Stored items
--------

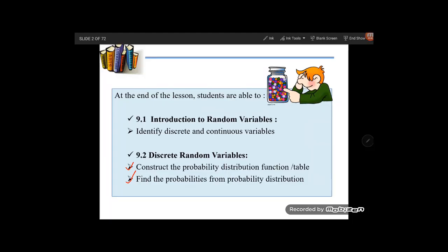Hello everyone. Today we are going to learn 9.2 Discrete Random Variables. By the end of the lesson you should be able to construct the probability distribution function or table, and then find the probabilities from the probability distribution.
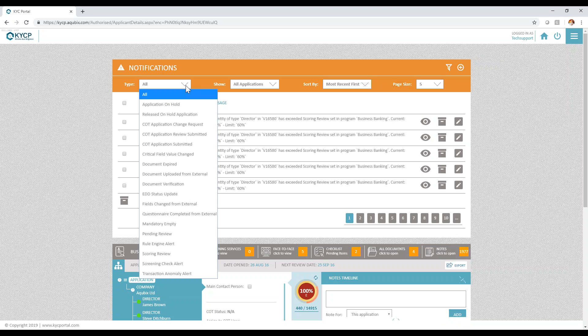For example, we start with pending reviews. The system allows your compliance team to set your review policy - what is reviewed based on the subject, based on risk - and you decide how many days in advance you want to be notified when the review is due.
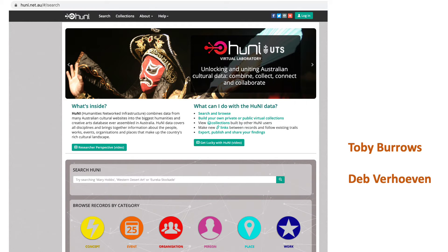HUNI is the Australian Humanities Networked Infrastructure. It combines 31 different sources of Australian cultural data with nearly 18 million entities in total. It was officially launched in October 2014 and is openly available with logins via social media and university authentication services.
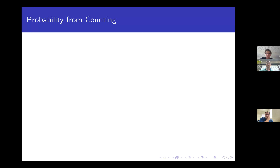Hello everyone, and welcome to this year's first Zoom for Thought talk. We will have Sam Spiro telling us about probability from counting. Take it away.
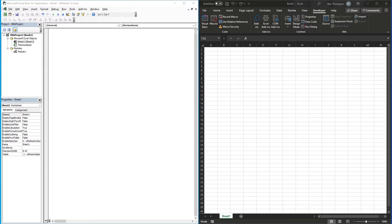Hello everyone and welcome back to another video looking at Excel VBA. In today's video we're going to be looking at some script that allows you to look at a given folder and return in a list all of the files that are available in that folder.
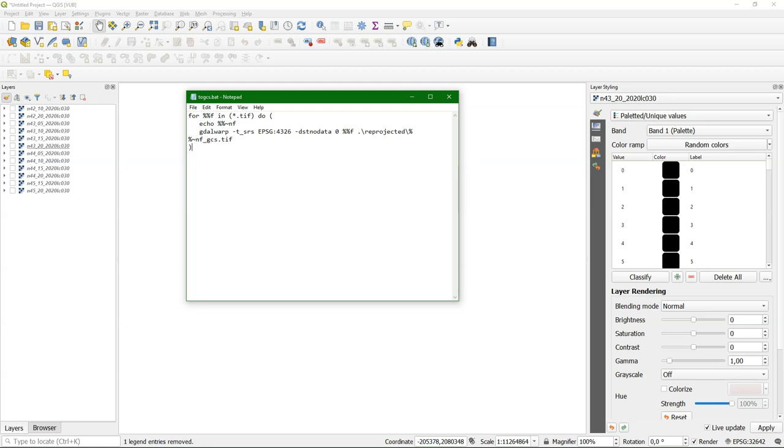And then the input file is %%f, that is the file. And then I save it to a folder, reprojected. And I use %%~nf for the part before the dot. And then I add underscore gcs dot tiff. And that forms then the output file name.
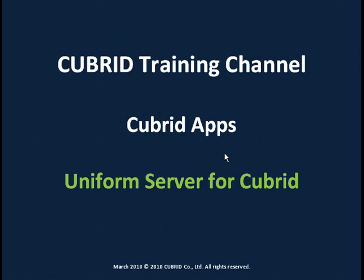Hello everybody and welcome to the Cubrid training channel. Today we'll be talking about the uniform server for Cubrid.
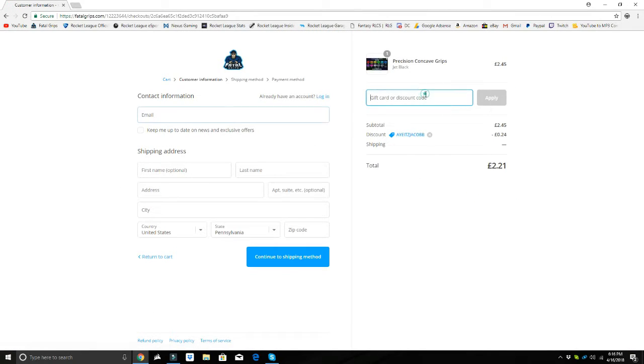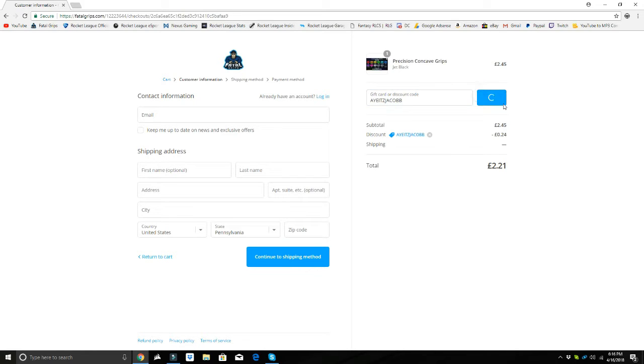All you got to do is type in the discount code it's Jacob and you'll get yourself a 10% discount. I'll always have the link in the description below. Make sure you guys make some purchases down below, help me out, let's get to the video.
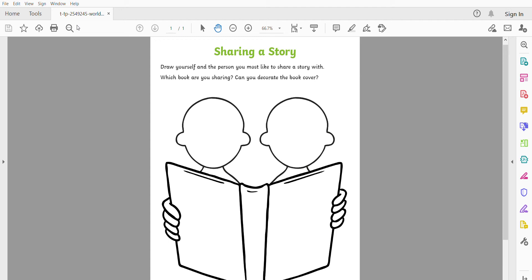What book would you share with them? Have you got a favourite? I love The Gruffalo, so if I could, I would read The Gruffalo.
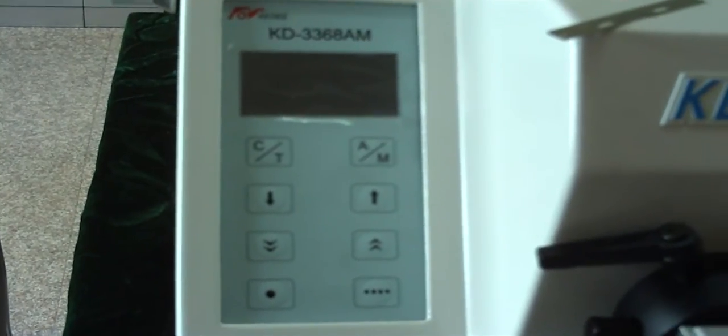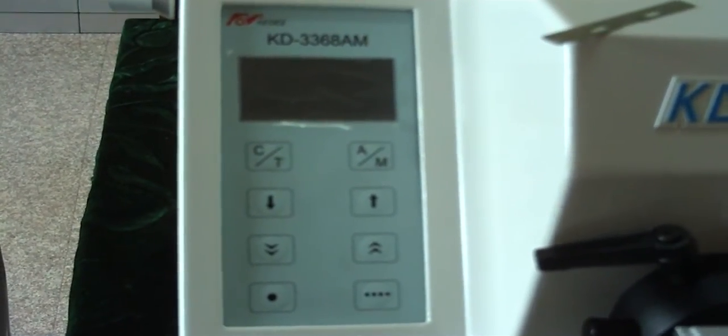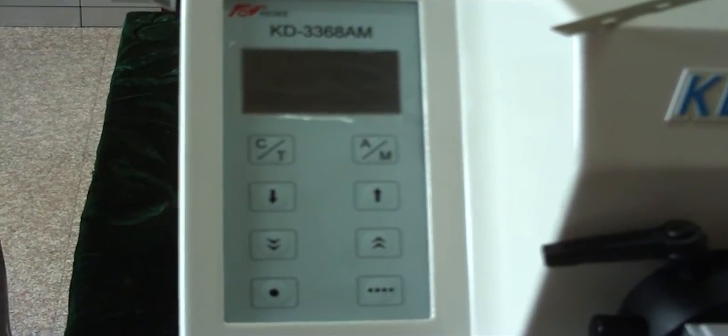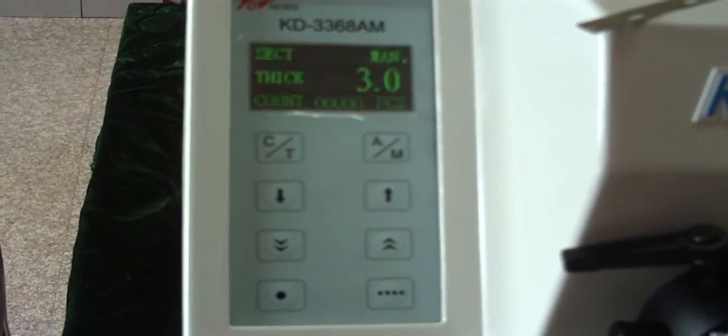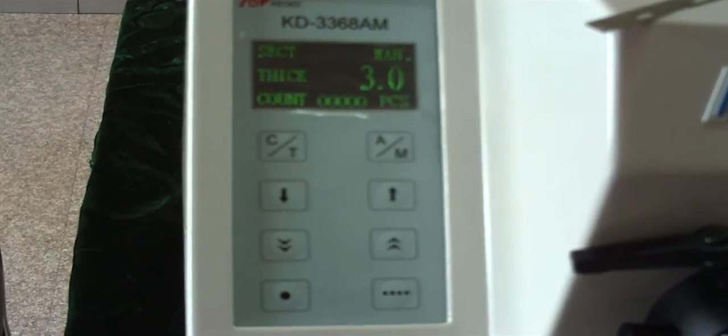Thank you for using KZI Instrument. This is the width of operation of model KZ3368AM. Turn on the power supply. Instructions of control panel.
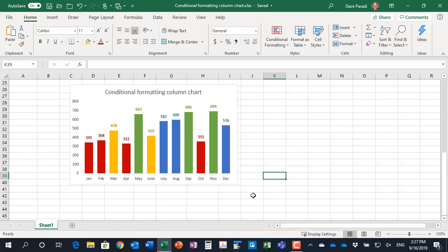In this video, I want to show you how we can create a column chart that appears to have conditional formatting, like the one we're seeing on the screen here, where certain values are in different colors based on the value or height of that column.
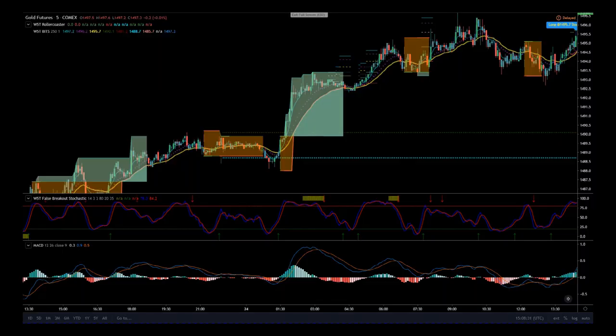Hi, this is Paul from tradethefifth.com and this is a quick video tour of our Rollercoaster Indicator Suite for the TradingView trading platform. It's a combination of our stochastic crossover with MACD and our three points of control. It's great for trading Forex, stocks, cryptocurrencies, futures, commodities and CFDs.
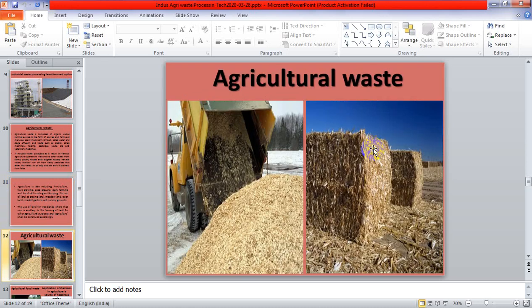Some examples are given to understand what agricultural waste is. Two pictures indicate agricultural waste and their processed form after treatment.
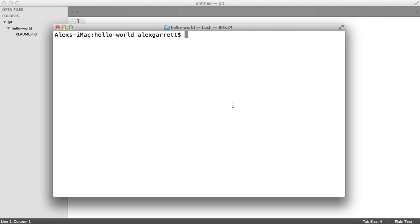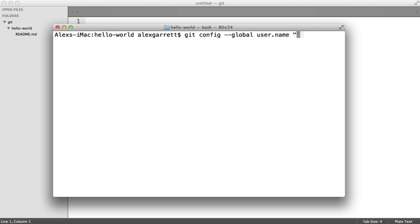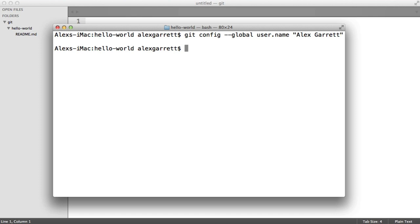Let's set up our name and our email. Git comes with a tool called config, which makes this super easy. All we do is we say git config, we use the global flag to say that we want to set this forever — we don't want to keep entering it every time we use git — and we say user.name, then we just type our name in quotes here.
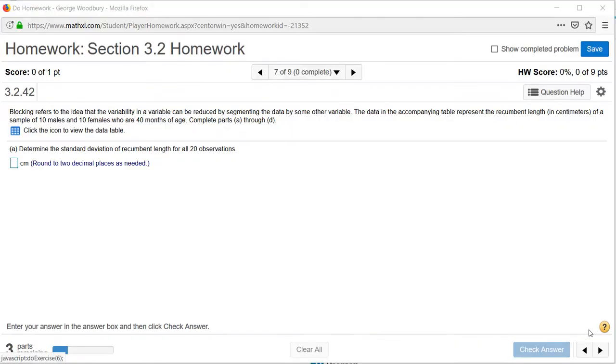Hi class, this is a quick video to help you with homework section 3.2, problem 7.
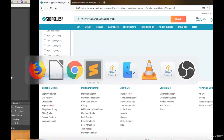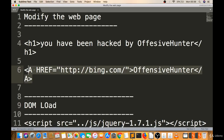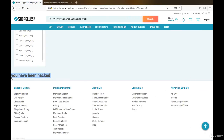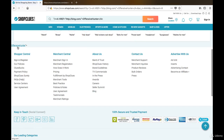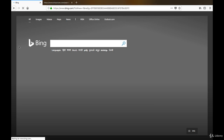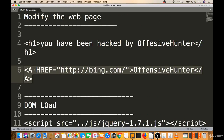What if instead of that, I use this anchor tag code — see, there is 'offensive hunter'. If I click this, they are redirecting to bing.com. That means it's vulnerable to HTML redirection.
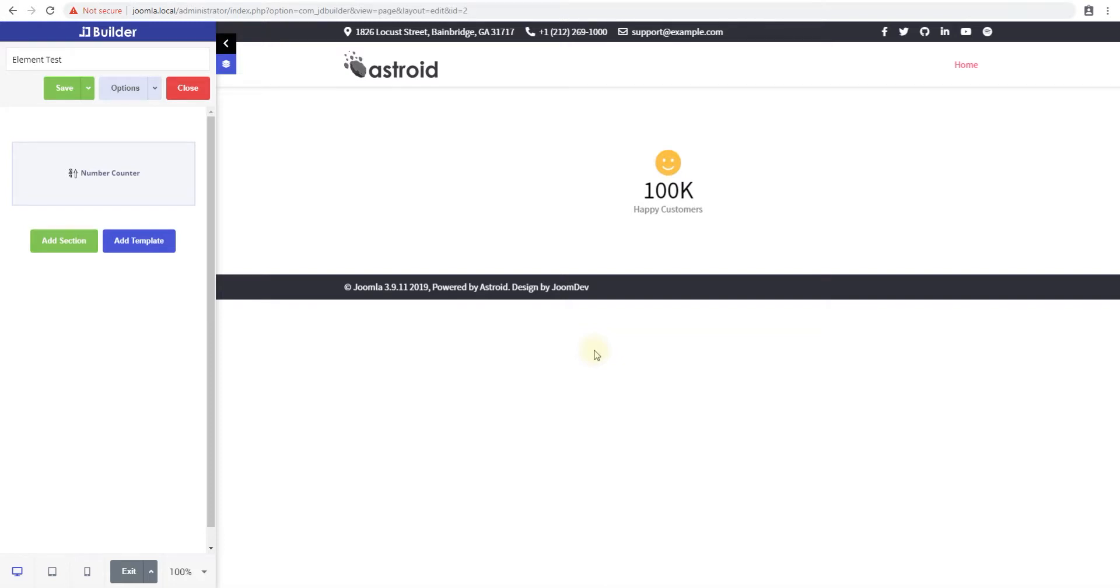Hello and welcome to the JD Builder tutorial series. My name is Jayden and I'm with Jim Dev. In this video we'll look at the number counter element type and what you can do with it.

--------

Task statement
Above are the records; copy exactly the lines from the one with "All you got" through the one with "What if instead", including both, and nothing more. Leave out pictures.

Task response
All you got to do is type in the discount code it's Jacob and you'll get yourself a 10% discount. I'll always have the link in the description below. Make sure you guys make some purchases down below, help me out, let's get to the video.
What book would you share with them? Have you got a favourite? I love The Gruffalo, so if I could, I would read The Gruffalo.
Thank you for using KZI Instrument. This is the width of operation of model KZ3368AM. Turn on the power supply. Instructions of control panel.
In this video, I want to show you how we can create a column chart that appears to have conditional formatting, like the one we're seeing on the screen here, where certain values are in different colors based on the value or height of that column.
Hi, this is Paul from tradethefifth.com and this is a quick video tour of our Rollercoaster Indicator Suite for the TradingView trading platform. It's a combination of our stochastic crossover with MACD and our three points of control. It's great for trading Forex, stocks, cryptocurrencies, futures, commodities and CFDs.
Some examples are given to understand what agricultural waste is. Two pictures indicate agricultural waste and their processed form after treatment.
Let's set up our name and our email. Git comes with a tool called config, which makes this super easy. All we do is we say git config, we use the global flag to say that we want to set this forever — we don't want to keep entering it every time we use git — and we say user.name, then we just type our name in quotes here.
Hi class, this is a quick video to help you with homework section 3.2, problem 7.
What if instead of that, I use this anchor tag code — see, there is 'offensive hunter'. If I click this, they are redirecting to bing.com. That means it's vulnerable to HTML redirection.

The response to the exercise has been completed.